Restaurant Opportunities Centers (ROC) United said in a statement that workers were “fed up over years of low pay and discrimination form profitable restaurant owners.” ROC said it was focusing its complaints against The Capital Grille units in Chicago, New York City and the Washington, D.C., area.
Darden Restaurants of Orlando, Fla., also parent to the Red Lobster, Olive Garden and LongHorn Steakhouse chains, said it will investigate the charges.
“After repeated requests for specifics from ROC, the first response we received is this lawsuit,” said Rich Jeffers, Darden’s director of media relations and external communications. “We continue to believe these allegations are baseless. However, as with any claims of impropriety, we will investigate them thoroughly.”
ROC-United, in the lawsuit filed in the U.S. District Court for the Northern District of Illinois, Eastern Division in Chicago, said it “alleges violations of the Civil Rights Act that are reflective of a corporate-wide policy of racial discrimination and the federal Fair Labor Standards Act and state wage and hour laws for wage theft against all workers.”

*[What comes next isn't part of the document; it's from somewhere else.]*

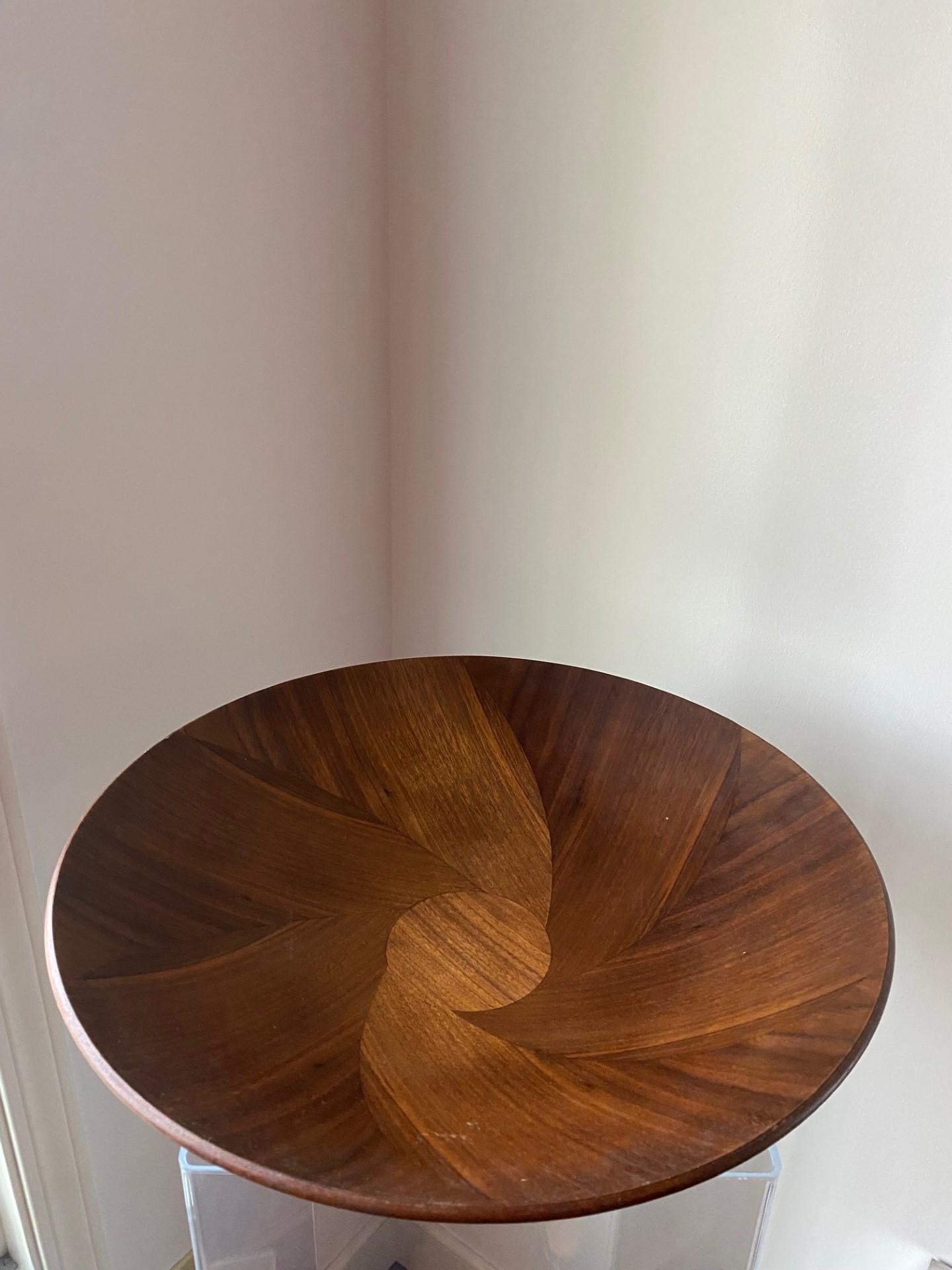 Mid-Century Modern Vintage Gladmark Midcentury Walnut Inlay Larger Wood Serving Bowl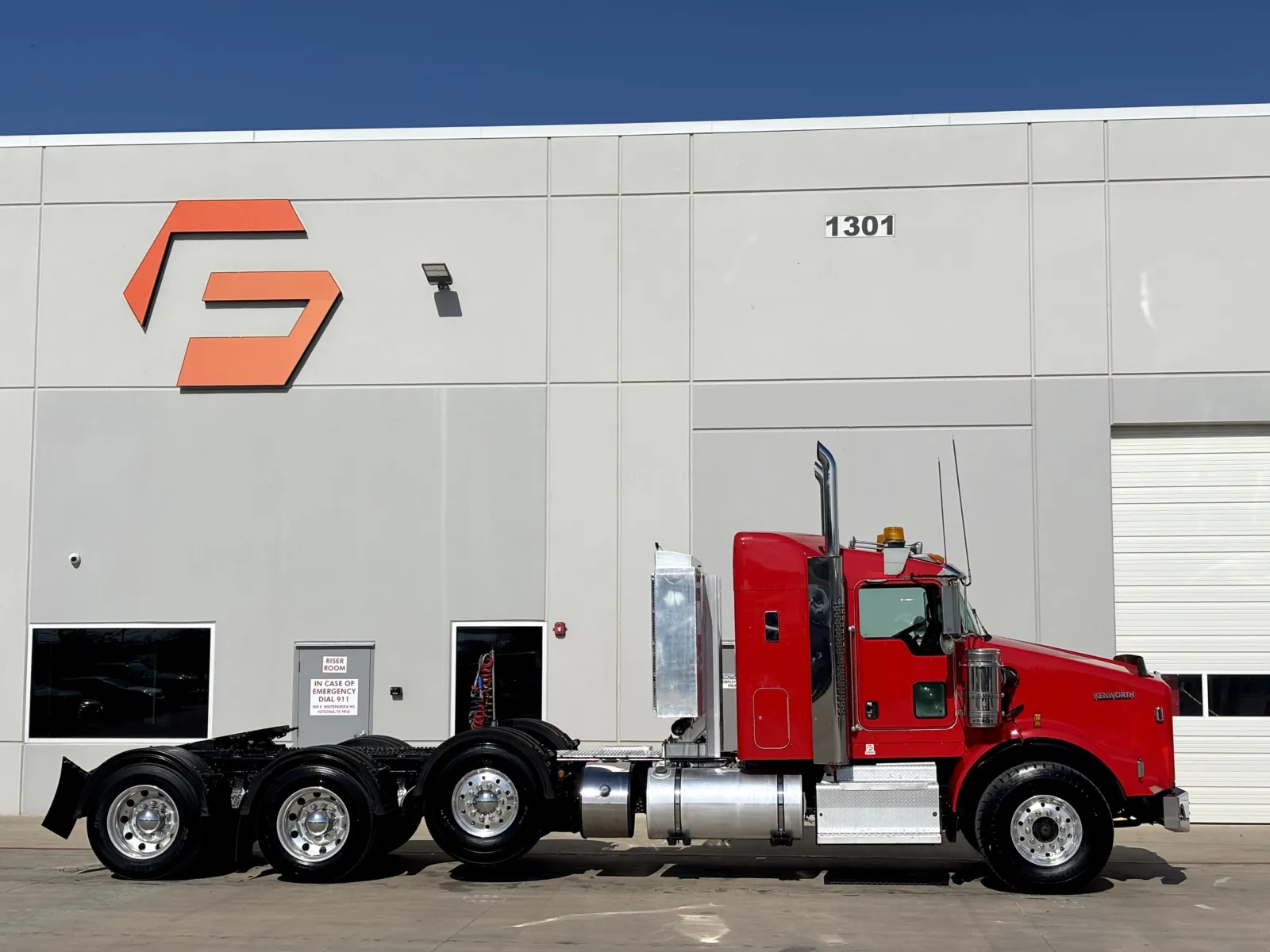 2016 Kenworth T800 - image 3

Jeffers said Darden has received a number of recent honors for its diversity practices, including those from Black Enterprise’s “40 best companies for diversity,” Diversity Inc.’s “Top 50 companies for diversity,” Latina Style’s “Top 50 companies for Hispanic women” and the National Restaurant Association’s “Faces of Diversity Award.”
With ROC-United’s announcement of the lawsuit Tuesday, the organization said it had released a briefing paper on discrimination called “Blacks in the Restaurant Industry. “
“While many Americans have worked at a restaurant at some point in their lives, they don’t realize that there are millions of people who make restaurant jobs their career,” Saru Jayaraman, co-director of ROC United, said in a statement.
“All too often, these workers face poverty wages, no sick leave, and no opportunities for advancement.”
ROC said the U.S. District Court complaint alleges, “Many of the ‘back-of-the-house’ positions (dishwashers, food prep) are given to workers of color, while the more lucrative ‘front-of-the-house’ positions (servers, bartenders) are given to white workers.”
ROC-United said it has more than 9,000 members in nine states.